Summary: Transformers beyond text, ViT and Mixture-of-Experts
The transformer block was designed for translation. It turned out to work for almost everything else too. With minor adaptations, the same architecture has been applied to images (Vision Transformers), audio, video, recommendations, and image generation. The block itself is doing the work; what changes is mostly how inputs get tokenized and how outputs get decoded.
Vision Transformers (ViT) split images into fixed-size patches, project each patch to a vector, add a CLS token and position embeddings, and run the result through a transformer encoder. The CLS token’s final embedding is projected to a class label. With enough training data, ViT learns image-classification inductive biases that CNNs had built in by hand. ViT is now the architectural foundation for modern multimodal systems (vision-language models, audio-text models, etc.).
Mixture-of-Experts (MoE) keeps the standard transformer architecture but replaces the dense feed-forward layer with multiple “experts” (each its own FFN) and a small gating network that routes each token to a subset of experts (typically 2 of N). Total parameter count scales linearly with N; per-token compute stays roughly constant. Frontier-scale open-source models like Mixtral and DeepSeek-V3 are MoE; many closed-source frontier models are too.
In one sentence each. ViT enables transformers to process non-text modalities. MoE enables scaling parameter counts without scaling per-token compute.
This summary is the scan-it-in-five-minutes version. The full lesson covers the end-to-end ViT pipeline, the per-token routing mechanism for MoE, and other transformer adaptations (diffusion, speech, recommendation, diffusion-based LLMs) that exist beyond these two.
Core ideas
Section titled “Core ideas”- Transformer is a general-purpose neural-network primitive. Originally designed for machine translation; now reused across modalities and architectures.
- ViT pipeline. Split image into fixed-size patches (typically 16×16 pixels). Project each patch to a vector (linear layer). Add learned CLS token and position embeddings. Run through encoder. Project CLS final embedding to class.
- Why ViT works. With enough training data, the model learns inductive biases (translation equivariance, local-features-compose) that CNNs had built in by hand.

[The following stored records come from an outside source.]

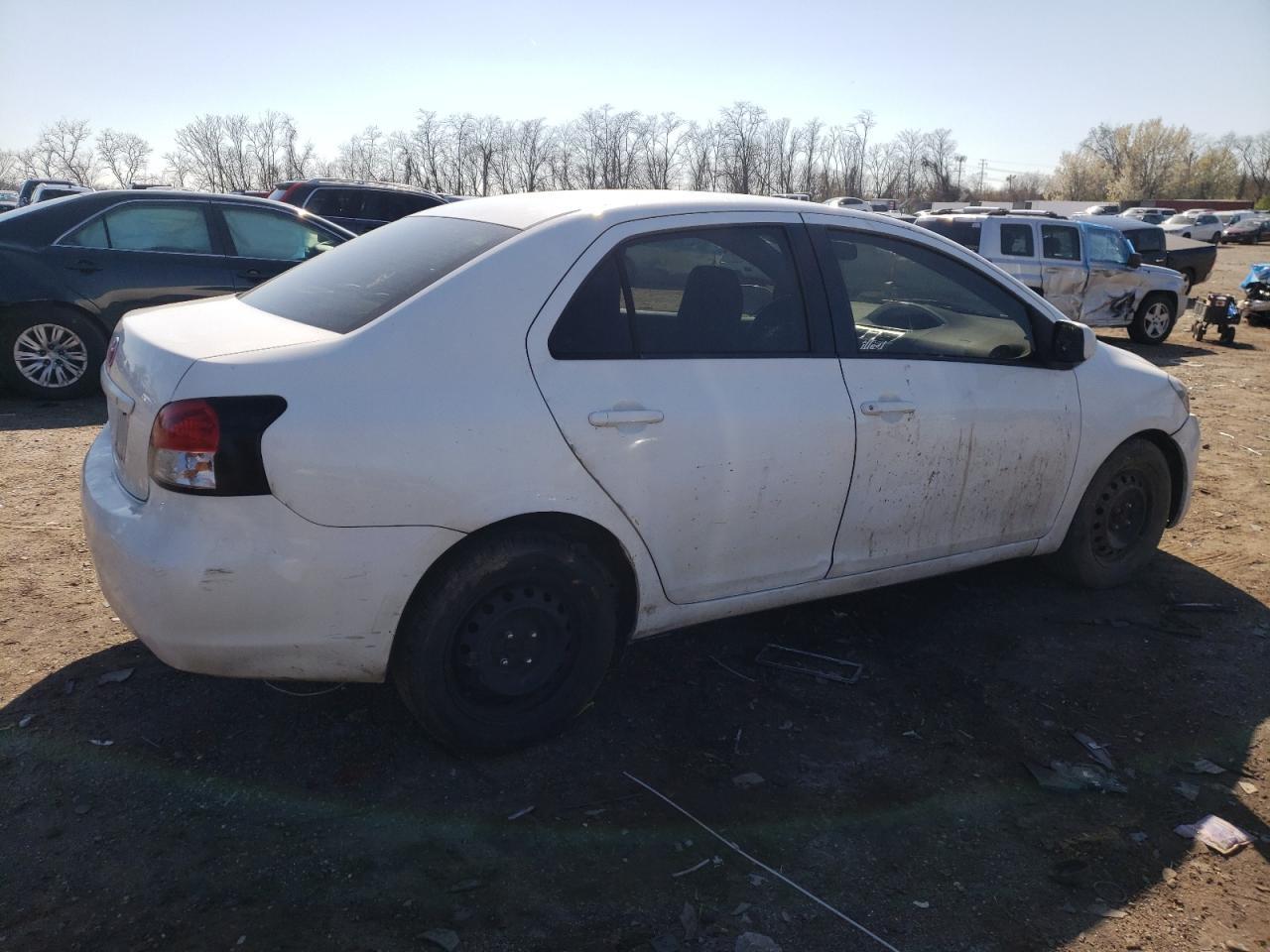 2012 TOYOTA YARIS - Фото 3
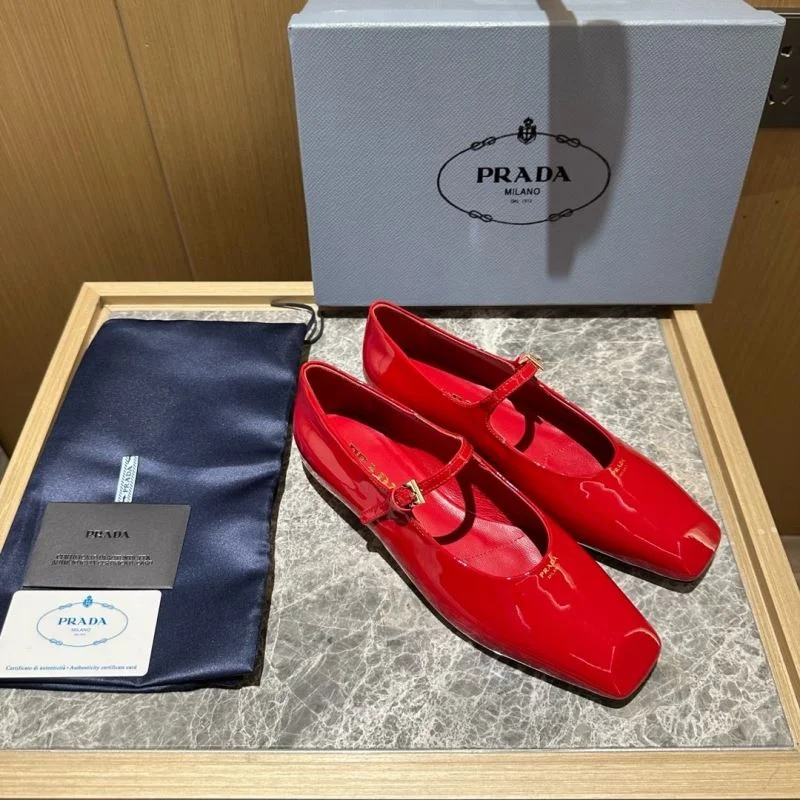 Prada Low Shoes MultiPurpose 34828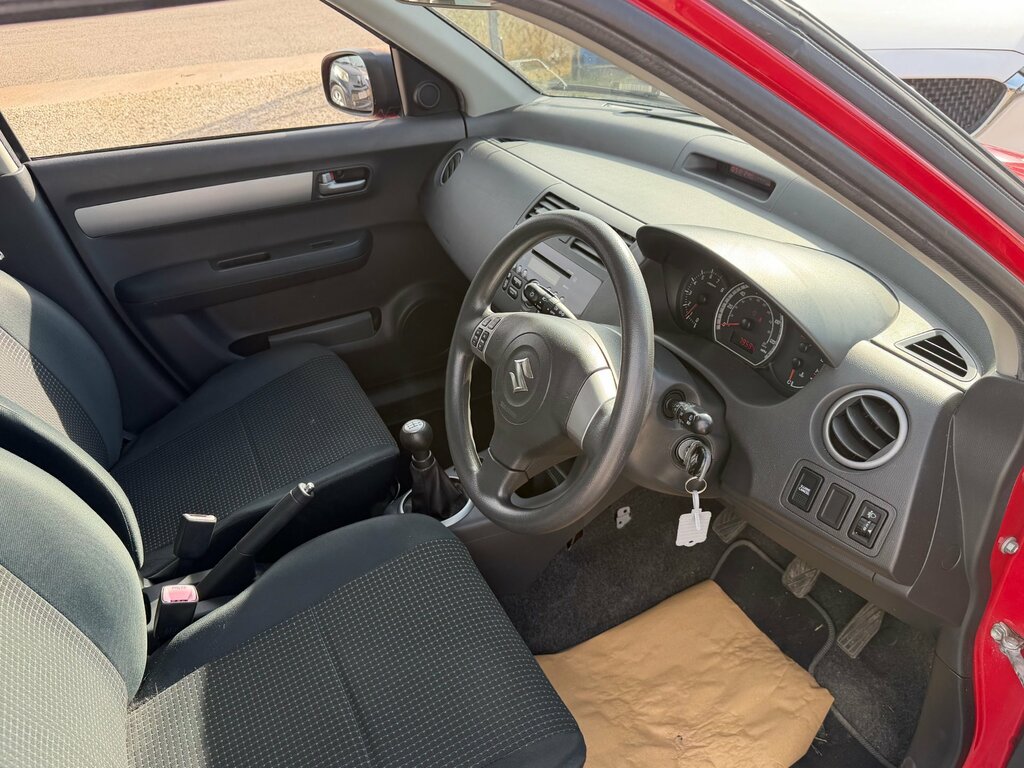 Suzuki Swift 1.3 Gl Hatchback 148 Gkm, 91 B Red #3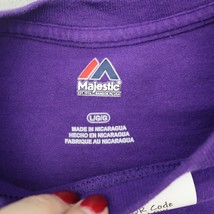 Minnesota Viking Shirt Mens L Purple Majestic Print Short Sleeve NFL Tee - £18.08 GBP
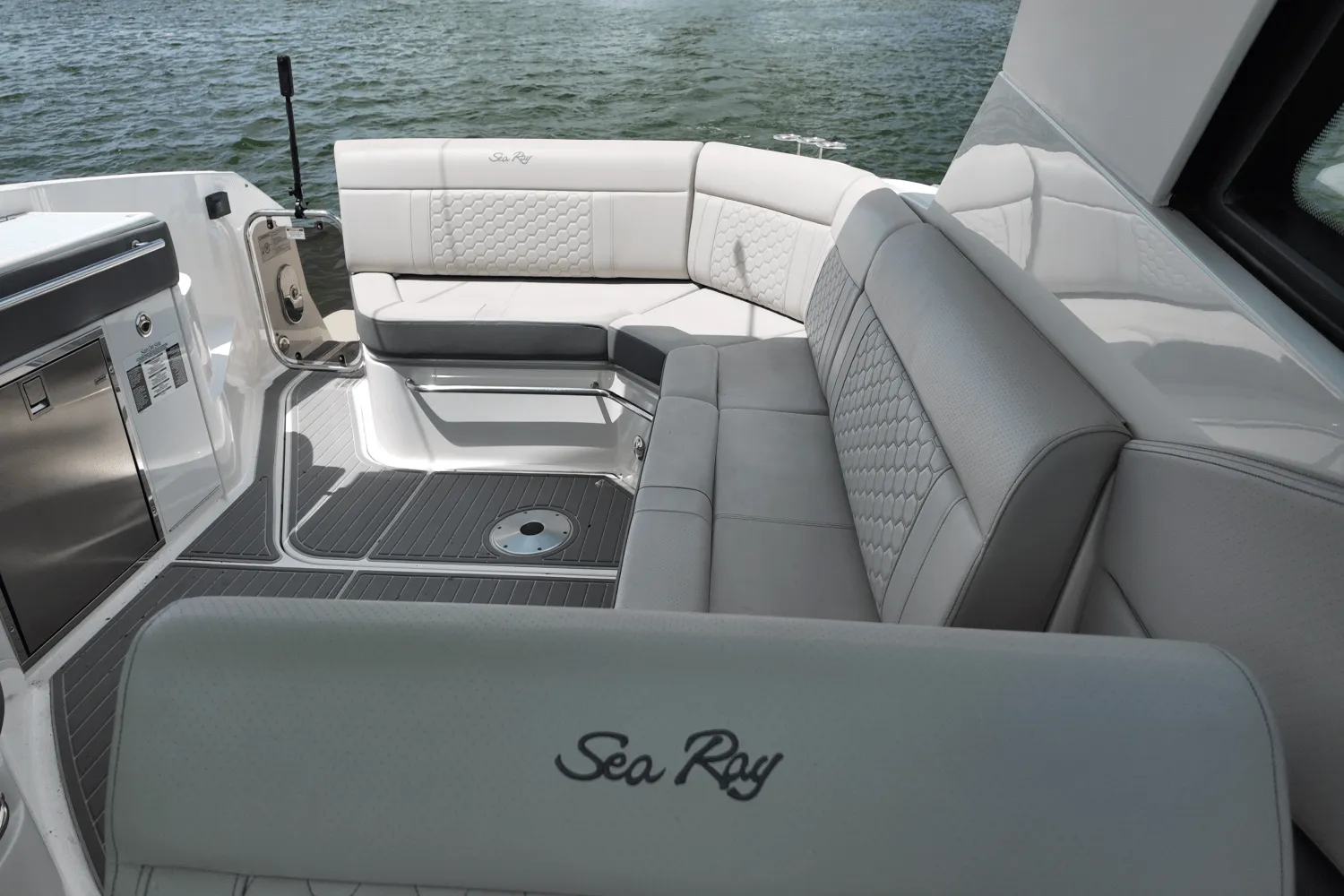 2023 Sea Ray 320 DA-OB Image Thumbnail #12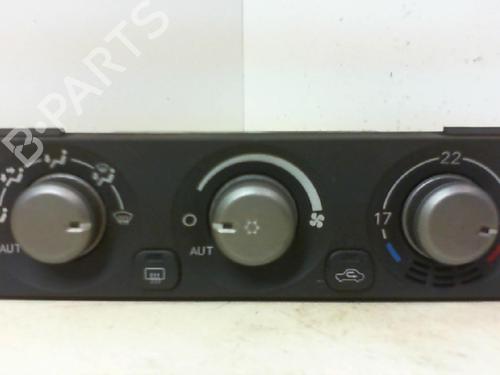 AC Styreenhet / Manøvreringsenhet MITSUBISHI PAJERO III (V7_W, V6_W) 3.2 Di-D (V68W, V78W) (165 hp) 20946433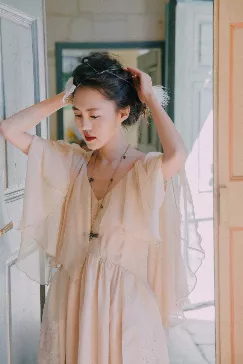 Molifusu  | White Midsummer Night's Dream Dress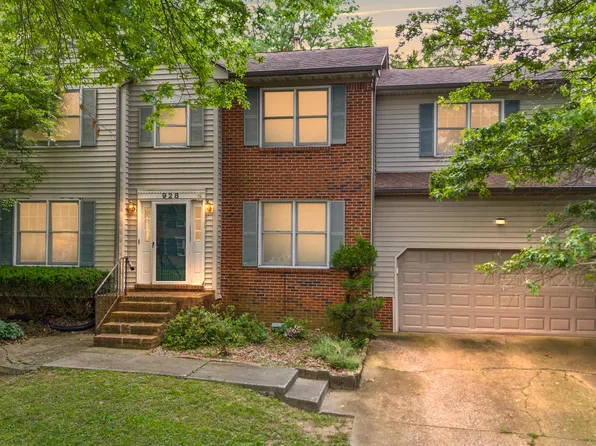 928 Springwood Ct, Lexington, KY 40515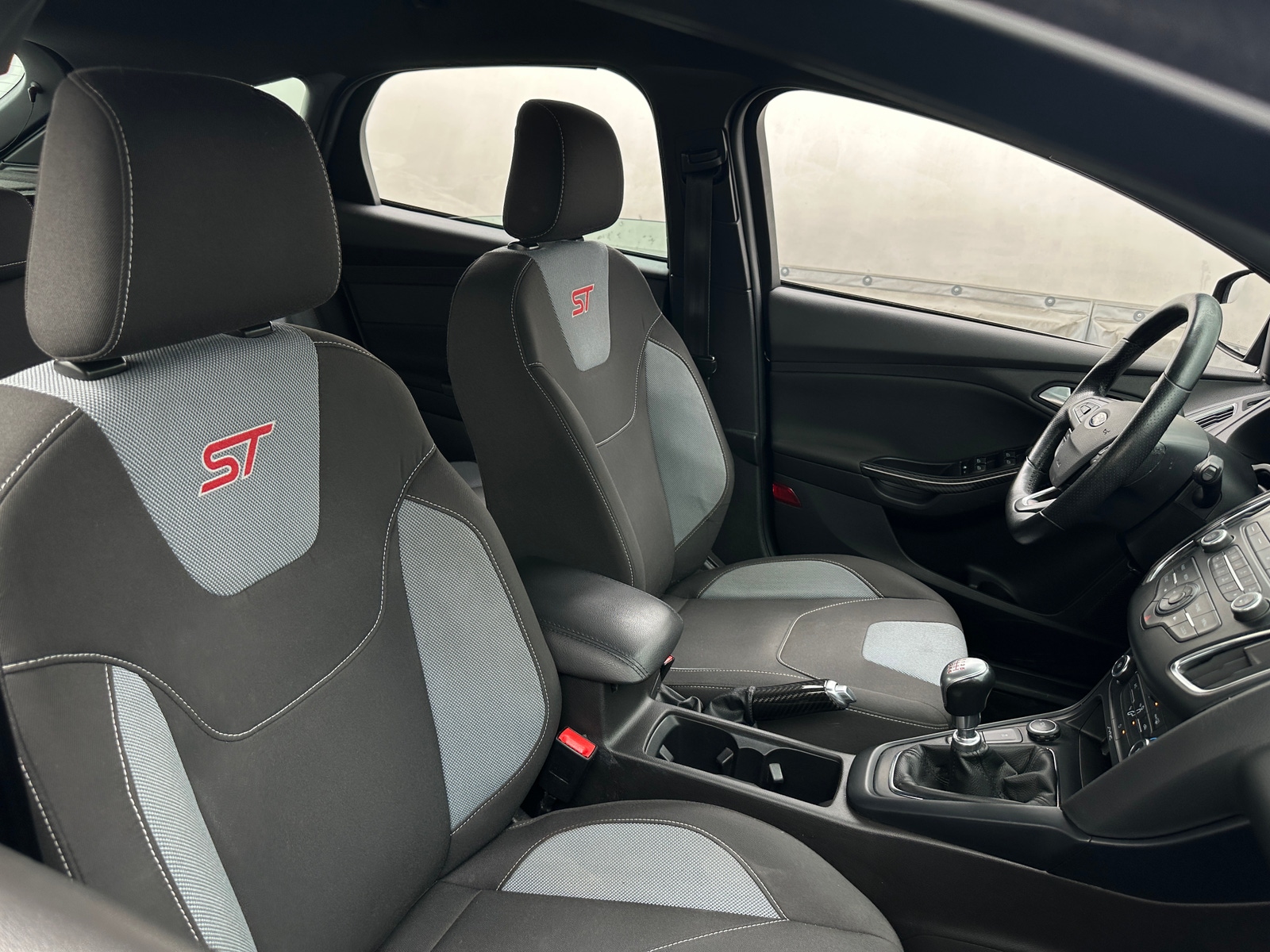 Thumbnail: 2017 Ford Focus - 2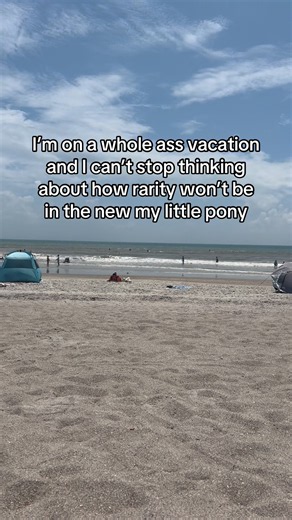 It was a very upsetting vacation #mlp #mylittlepony #rarity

On small data, CNNs win; on large data, ViT wins.
- ViT as multimodal foundation. Modern multimodal systems (LLaVA, GPT-4V, Claude with vision, Gemini) typically have a ViT-style image encoder feeding into a text-decoder LLM.
- MoE mechanism. In each FFN layer, gating network routes each token to ~2 of N experts. Only those experts are activated; rest sit idle. Total parameters scale with N; per-token compute stays roughly constant.
- MoE routing is per-token. Different tokens within the same prompt go to different experts. Lets you place experts on different GPUs and parallelize.
- MoE in production. Mixtral, DeepSeek-V3, GPT-OSS, GLM 4 (open). Many closed-source frontier models reportedly MoE.
- Reading parameter counts. When you see “1 trillion parameters,” ask whether dense or MoE. Active-parameters-per-token is the relevant comparison; for MoE that number is much smaller than total.
- Other adaptations exist. Diffusion transformers (image generation), speech transformers (Whisper-style audio), recommendation transformers, diffusion-based LLMs (next lesson). Same block, different input/output handling.
- Pitfall: comparing dense and MoE parameter counts directly. Per-token compute differs by the activation factor; not apples-to-apples on speed.
- Pitfall: assuming ViT replaced CNNs. It did not. CNNs are still competitive on small datasets and resource-constrained tasks; ViT dominates frontier-scale image and multimodal work.
What changes for you
Section titled “What changes for you”After this lesson, “transformer-based system for X” announcements stop being mysterious. The underlying block is the same one Phase 2 covered. The novelty is usually in input tokenization, output decoding, or training data, not the block itself. Reading “1-trillion-parameter model” announcements becomes more careful: dense or MoE? Active-parameters-per-token tells you the actual cost profile.
The transformer block was designed for translation. It turned out to work for almost everything.
ViT adapts it to non-text inputs. MoE adapts the block’s internal compute for sparse routing.
Most modern AI systems are some combination of these adaptations on the same underlying architecture.